3. A explosão de narrativas mentirosas ligando o governo e a esquerda ao crime organizado à medida que se aproximam as eleições municipais.

Todo esse arsenal de mentiras e ilusionismo circula livremente e é alimentado e retroalimentado por vários atores e em várias instâncias.

O ecossistema brasileiro de desinformação é muito potente e mantém uma forte conexão com outras experiências no mundo.

E, mais do que isso, a sua organização e seu desenvolvimento são atentamente observados pela extrema direita mundial, em suas várias conexões – do campo político ao campo midiático transnacional.

As articulações com os bolsonaristas, os contatos permanentes de grupos religiosos, as visitas” de CEOs falantes e poderosos, nada disso é aleatório.

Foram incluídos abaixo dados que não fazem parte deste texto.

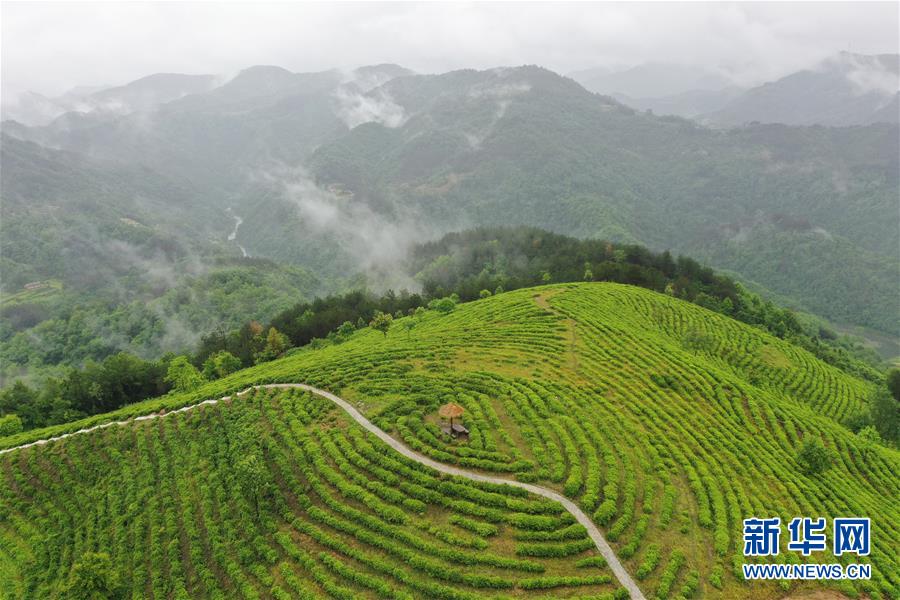 （走向我们的小康生活·图文互动）（8）绿了青山，红了日子——秦巴山区群众绘出小康“调色板”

O Brasil está na mira e sob os olhares mais que atentos dos agrupamentos de extrema direita pois, ao mesmo tempo em que possibilitou a aglutinação e o avanço dessas forças com o bolsonarismo – quando nos tornamos um grande laboratório de realidade paralela –, o país também mostrou resistência e mobilização contra esse projeto nefasto de poder.

Com uma significativa vitória em 2022, Lula e o campo progressista conseguiram deter o avanço da extrema direita aqui.

Ainda que o bolsonarismo siga causando enormes danos à esfera pública, houve uma quebra, uma interrupção na trajetória de consolidação do poder da extrema direita.

Mas eles seguem articulados e demonstrando força, ainda que “sacudidos” nesse projeto de ampliação e consolidação.

Portanto, no momento em que a extrema direita, com seu sustentáculo poderoso, a desinformação, conquista importantes posições no mundo, os olhares – e as investidas – vão se voltar para o Brasil e as forças que já estão assanhadas por aqui.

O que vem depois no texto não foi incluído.